Un dispositif néolibéral agit sur les conduites et oriente les choix des individus. Pourles étudiants, l’intensification de la logique de concurrence n’est pas sans conséquence. À terme, elle entre en contradiction avec la logique du « droit aux études » pour tous, mais elle se combine très bien avec le régime dual français classes préparatoires/ universités. La ligne stratégique des élites reste de transformer les étudiants en « consommateurs » et en « calculateurs » afin de favoriser par la comparaison coûts/bénéfices une distinction plus nette entre les formations rentables du point de vue des débouchés et des revenus et les formations considérées comme d’un trop faible rendement, voire inutiles sur le marché du travail. L’augmentation des droits d’inscription est un moyen essentiel de la normalisation de l’université qu’il reste à imposer. 

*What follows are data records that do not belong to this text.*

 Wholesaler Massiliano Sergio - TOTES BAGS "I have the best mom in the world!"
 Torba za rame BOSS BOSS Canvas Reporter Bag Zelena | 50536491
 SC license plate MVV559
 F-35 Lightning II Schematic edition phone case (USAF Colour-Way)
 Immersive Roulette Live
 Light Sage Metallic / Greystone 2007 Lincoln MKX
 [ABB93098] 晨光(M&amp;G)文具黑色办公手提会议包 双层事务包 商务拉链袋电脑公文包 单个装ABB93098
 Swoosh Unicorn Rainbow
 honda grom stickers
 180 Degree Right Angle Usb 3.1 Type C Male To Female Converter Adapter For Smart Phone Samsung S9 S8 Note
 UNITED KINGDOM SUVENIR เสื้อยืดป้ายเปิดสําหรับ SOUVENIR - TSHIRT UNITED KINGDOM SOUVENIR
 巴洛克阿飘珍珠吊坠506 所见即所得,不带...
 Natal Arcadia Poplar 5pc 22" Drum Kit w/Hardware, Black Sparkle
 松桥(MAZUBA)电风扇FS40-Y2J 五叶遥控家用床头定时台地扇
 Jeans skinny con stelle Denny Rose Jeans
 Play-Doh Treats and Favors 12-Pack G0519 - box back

Une reconfiguration du métier 


On ne dira jamais assez le caractère « orwellien » de la mutation actuelle : l’autonomie tant vantée, c’est la mise en place de l’hétéronomie la plus complète possible. Les enseignantschercheurs, mis sous la pression des coupes budgétaires et soumis au stress de l’évaluation permanente, sont contraints d’aller chercher des financements sur le « marché » dans une logique de « donnant-donnant » avec les entreprises et les collectivités territoriales. L’université ne peut être assujettie aux normes néolibérales qu’avec la participation active, à défaut d’un consentement réfléchi, d’une partie au moins des universitaires eux-mêmes. L’enjeu est considérable : comment détruire l’ancienne éthique de la science, le souci de la vérité, l’importance de la rigueur de pensée chez des individus qui, pour la plupart, ont incorporé un tel ethos professionnel ? La stratégie consiste à faire que les universitaires soient de plus en plus intimement impliqués dans la logique de la concurrence entre universités, pôles d’excellence, laboratoires, et in fine, entre eux. De façon plus diffuse, on peut se demander si la rivalité émulative entre collègues, qui n’est pas d’aujourd’hui, n’est pas en train de se convertir en une lutte de plus en plus féroce pour les financements d’exception, les évolutions de carrière et les primes dans un contexte de rareté aggravée. On assisterait alors au basculement radical de la collégialité, plus ou moins solidement institutionnalisée, vers une compétition quasi-entrepreneuriale. Les formes managériales de gestion des universités et les modalités bureaucratiques de l’évaluation y contribuent puissamment au détriment du « commun » qui devrait prévaloir dans les institutions scientifiques. C’est dire que le destin de l’université repose sur les capacités de résistance des enseignants eux-mêmes.